We know our Lord’s cross to be love because his identification with us sinners is our salvation. Sobered as we are at the disclosure of our situation before God, we nevertheless rejoice in the disclosure and thank God for it. For the revelation of our predicament is simultaneously the revelation of God’s provision for us. Certainly the cross acquaints us with the bad news about ourselves. But the cross acquaints us with the bad news only in acquainting us with the good news. For the good news is good just because the cross highlights our sin for us only in the course of bearing it and bearing it away. The cross acquaints us with the disease only in the course of providing us the cure. The cross informs us of our condemnation only in the course of telling us that someone else has borne that condemnation for us.

We keep talking about the cross (admittedly an instrument of execution) just because the cross announces life. And knowing now that the cross announces life, we now understand how it is Jesus insisted from the first day of his earthly ministry to his last that the cross was the purpose of his coming. “The Son of Man,” Jesus said of himself, “came to give his life a ransom for many.” “And I, if I be lifted up (i.e., crucified) will draw all manner of men and women to me.” “This hour is my glory. Father, glorify yourself in me.” Unquestionably Jesus regards the cross as the purpose of his coming and the glue that integrates everything he does in his life leading up to the cross.
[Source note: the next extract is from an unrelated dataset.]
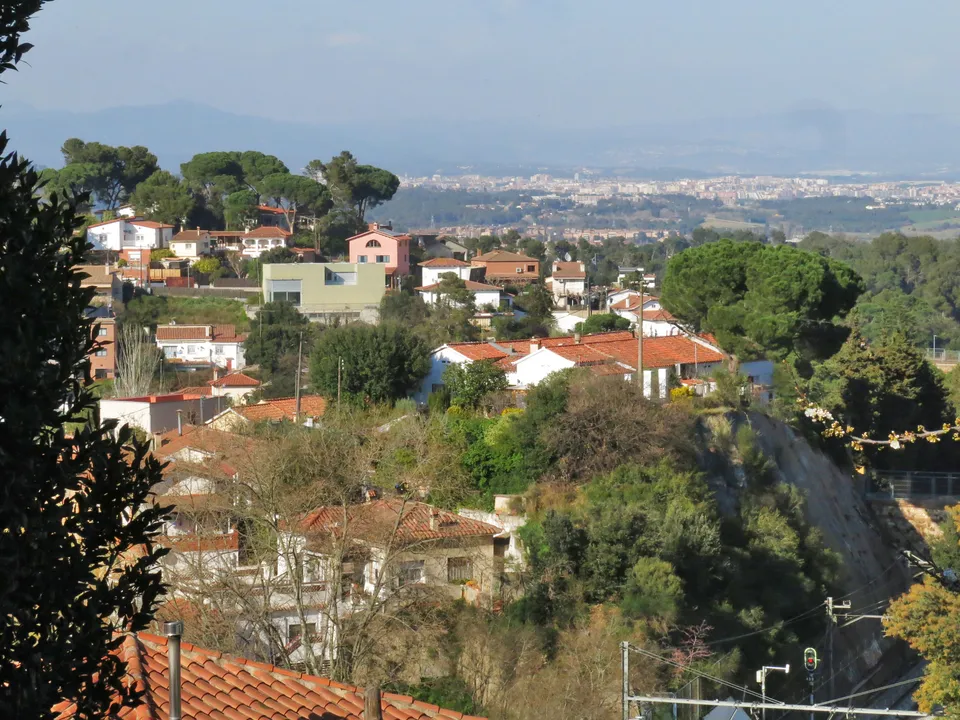 An industrial building on Passatge de la Salut in La Floresta, Sant Cugat del Vallès, surrounded by residential streets.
As we come again to Good Friday, God’s Friday, and again contemplate the cross we must admit that it looks a little odd that we should be preoccupied here. On the surface it looks nothing like love that anyone would imagine. In fact, strictly speaking, we aren’t preoccupied with the cross; we are preoccupied with him whose cross it is; we are preoccupied with our Lord Jesus Christ, who comes to us in grace and wants only to bind us to him in faith.

And so we find ourselves able to say with the Apostle John, “In this is love, not that we loved God but that he loved us and sent his Son to be the atoning sacrifice for our sins.”